*** Begin section ***

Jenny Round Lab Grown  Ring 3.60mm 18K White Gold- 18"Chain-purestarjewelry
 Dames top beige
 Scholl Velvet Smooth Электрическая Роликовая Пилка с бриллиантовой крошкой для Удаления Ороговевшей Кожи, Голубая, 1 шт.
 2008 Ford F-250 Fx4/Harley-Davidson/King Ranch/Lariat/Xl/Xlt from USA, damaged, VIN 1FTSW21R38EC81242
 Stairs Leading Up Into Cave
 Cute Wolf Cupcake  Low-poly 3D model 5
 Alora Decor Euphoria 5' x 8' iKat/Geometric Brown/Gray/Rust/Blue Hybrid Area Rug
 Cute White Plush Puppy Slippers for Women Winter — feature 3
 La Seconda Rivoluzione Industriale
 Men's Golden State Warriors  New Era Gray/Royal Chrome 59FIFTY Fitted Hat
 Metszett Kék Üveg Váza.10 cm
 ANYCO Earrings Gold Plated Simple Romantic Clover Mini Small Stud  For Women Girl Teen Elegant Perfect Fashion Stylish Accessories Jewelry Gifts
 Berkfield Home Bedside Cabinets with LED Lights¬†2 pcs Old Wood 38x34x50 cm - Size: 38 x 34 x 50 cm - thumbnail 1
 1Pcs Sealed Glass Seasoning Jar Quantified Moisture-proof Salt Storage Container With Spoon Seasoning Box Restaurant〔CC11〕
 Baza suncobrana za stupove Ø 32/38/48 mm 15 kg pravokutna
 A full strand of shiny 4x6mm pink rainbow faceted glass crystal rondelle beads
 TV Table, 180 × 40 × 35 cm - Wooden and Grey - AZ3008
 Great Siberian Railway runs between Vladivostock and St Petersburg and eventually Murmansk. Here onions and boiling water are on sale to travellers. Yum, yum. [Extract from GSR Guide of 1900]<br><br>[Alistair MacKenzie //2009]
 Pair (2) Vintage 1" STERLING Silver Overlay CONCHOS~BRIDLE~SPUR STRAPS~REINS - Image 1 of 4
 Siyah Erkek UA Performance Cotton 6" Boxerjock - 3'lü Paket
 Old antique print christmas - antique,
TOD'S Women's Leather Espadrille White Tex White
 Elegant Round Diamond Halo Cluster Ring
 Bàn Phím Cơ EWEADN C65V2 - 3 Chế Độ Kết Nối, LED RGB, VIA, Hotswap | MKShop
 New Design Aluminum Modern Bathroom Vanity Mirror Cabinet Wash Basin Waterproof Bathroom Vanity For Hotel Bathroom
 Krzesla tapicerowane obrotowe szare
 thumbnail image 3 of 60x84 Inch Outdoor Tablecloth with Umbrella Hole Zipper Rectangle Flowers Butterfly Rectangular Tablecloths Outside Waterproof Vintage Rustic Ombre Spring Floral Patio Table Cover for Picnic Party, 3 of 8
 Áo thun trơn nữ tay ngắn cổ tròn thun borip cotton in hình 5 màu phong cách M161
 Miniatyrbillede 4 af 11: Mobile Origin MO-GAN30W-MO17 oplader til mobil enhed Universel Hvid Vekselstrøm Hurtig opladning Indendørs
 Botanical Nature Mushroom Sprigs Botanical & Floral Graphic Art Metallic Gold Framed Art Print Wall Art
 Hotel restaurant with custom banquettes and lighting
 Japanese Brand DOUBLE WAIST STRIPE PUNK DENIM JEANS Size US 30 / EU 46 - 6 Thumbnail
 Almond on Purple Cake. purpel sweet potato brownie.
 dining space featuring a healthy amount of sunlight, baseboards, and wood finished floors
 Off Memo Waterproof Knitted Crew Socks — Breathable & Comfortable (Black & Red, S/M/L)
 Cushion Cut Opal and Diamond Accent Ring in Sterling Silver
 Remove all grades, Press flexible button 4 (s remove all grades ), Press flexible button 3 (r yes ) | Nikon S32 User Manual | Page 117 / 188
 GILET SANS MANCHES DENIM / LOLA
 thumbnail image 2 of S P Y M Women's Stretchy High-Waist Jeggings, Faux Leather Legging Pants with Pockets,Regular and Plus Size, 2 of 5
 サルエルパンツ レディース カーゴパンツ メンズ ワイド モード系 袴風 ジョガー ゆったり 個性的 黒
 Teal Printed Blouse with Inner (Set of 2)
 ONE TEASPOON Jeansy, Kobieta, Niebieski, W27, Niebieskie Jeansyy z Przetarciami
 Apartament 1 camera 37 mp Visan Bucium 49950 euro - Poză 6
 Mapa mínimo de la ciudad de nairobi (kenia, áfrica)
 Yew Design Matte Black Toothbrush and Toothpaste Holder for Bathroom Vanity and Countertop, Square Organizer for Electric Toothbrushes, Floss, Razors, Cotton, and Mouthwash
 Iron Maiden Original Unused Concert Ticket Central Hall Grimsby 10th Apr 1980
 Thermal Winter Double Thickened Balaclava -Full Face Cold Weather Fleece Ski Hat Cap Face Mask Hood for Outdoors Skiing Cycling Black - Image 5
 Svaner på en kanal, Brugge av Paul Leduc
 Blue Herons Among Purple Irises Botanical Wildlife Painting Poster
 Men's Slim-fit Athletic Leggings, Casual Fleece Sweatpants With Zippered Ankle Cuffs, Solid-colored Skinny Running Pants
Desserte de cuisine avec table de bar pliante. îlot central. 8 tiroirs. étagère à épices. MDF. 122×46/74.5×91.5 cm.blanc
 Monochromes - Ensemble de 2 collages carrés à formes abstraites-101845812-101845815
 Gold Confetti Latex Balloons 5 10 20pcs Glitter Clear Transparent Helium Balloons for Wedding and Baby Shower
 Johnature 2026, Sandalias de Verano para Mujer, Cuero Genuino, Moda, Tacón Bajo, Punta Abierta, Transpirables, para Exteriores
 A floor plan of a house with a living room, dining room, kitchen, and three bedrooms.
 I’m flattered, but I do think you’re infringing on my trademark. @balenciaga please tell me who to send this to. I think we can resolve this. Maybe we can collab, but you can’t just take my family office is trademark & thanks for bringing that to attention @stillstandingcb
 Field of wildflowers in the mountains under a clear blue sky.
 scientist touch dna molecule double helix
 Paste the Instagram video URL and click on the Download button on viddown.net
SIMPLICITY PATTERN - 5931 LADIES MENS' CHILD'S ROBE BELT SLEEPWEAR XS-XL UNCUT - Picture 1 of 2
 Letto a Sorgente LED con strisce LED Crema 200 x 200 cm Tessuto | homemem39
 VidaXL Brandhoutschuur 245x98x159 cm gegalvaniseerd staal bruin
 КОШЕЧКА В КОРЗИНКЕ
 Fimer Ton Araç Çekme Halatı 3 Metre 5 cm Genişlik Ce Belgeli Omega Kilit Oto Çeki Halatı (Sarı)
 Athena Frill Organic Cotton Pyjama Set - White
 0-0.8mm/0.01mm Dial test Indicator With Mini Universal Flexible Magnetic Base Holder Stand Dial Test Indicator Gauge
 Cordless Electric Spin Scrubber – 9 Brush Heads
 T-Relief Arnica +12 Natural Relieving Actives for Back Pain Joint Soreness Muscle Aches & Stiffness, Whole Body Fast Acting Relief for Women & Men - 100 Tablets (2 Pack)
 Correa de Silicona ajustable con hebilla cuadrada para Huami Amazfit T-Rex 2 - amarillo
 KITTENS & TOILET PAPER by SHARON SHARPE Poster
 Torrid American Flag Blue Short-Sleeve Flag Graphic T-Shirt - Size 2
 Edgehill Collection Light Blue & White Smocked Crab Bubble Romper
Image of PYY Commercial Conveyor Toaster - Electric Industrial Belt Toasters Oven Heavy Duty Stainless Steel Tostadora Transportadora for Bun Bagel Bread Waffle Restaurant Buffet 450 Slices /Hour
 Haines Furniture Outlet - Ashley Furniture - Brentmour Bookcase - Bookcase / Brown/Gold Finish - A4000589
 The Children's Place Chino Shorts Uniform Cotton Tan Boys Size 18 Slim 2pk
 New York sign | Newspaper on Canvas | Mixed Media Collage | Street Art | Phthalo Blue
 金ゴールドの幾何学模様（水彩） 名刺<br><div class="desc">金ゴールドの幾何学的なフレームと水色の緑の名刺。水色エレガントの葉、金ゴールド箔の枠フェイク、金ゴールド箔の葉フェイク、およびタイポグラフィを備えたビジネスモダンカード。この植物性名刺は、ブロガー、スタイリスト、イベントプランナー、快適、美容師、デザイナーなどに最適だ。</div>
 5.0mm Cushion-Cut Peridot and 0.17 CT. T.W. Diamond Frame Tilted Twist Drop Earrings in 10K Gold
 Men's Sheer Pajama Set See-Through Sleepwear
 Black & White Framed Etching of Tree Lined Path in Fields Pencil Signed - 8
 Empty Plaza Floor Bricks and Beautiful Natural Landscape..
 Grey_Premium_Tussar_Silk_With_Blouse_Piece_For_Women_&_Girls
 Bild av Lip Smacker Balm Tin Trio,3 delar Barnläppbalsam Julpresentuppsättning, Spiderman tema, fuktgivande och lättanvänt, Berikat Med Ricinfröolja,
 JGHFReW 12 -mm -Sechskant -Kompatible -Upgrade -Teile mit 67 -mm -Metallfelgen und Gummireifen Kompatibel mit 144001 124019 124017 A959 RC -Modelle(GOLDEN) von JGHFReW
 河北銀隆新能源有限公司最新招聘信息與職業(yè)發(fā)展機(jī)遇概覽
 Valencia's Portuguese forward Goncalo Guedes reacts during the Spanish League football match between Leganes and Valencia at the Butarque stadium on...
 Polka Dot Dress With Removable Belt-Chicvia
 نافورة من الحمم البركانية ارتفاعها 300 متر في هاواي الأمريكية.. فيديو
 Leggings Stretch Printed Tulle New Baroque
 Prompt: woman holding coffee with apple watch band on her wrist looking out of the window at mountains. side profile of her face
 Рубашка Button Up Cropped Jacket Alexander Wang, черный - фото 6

*** End section ***

## Required work:
Starting at the line with "河北銀隆新能源有限公司最新招聘信息與職業(yè)發(fā)展機(jī)遇概覽", print each remaining line of the listing above exactly as it appears.

## Reply to the task:
 河北銀隆新能源有限公司最新招聘信息與職業(yè)發(fā)展機(jī)遇概覽
 Valencia's Portuguese forward Goncalo Guedes reacts during the Spanish League football match between Leganes and Valencia at the Butarque stadium on...
 Polka Dot Dress With Removable Belt-Chicvia
 نافورة من الحمم البركانية ارتفاعها 300 متر في هاواي الأمريكية.. فيديو
 Leggings Stretch Printed Tulle New Baroque
 Prompt: woman holding coffee with apple watch band on her wrist looking out of the window at mountains. side profile of her face
 Рубашка Button Up Cropped Jacket Alexander Wang, черный - фото 6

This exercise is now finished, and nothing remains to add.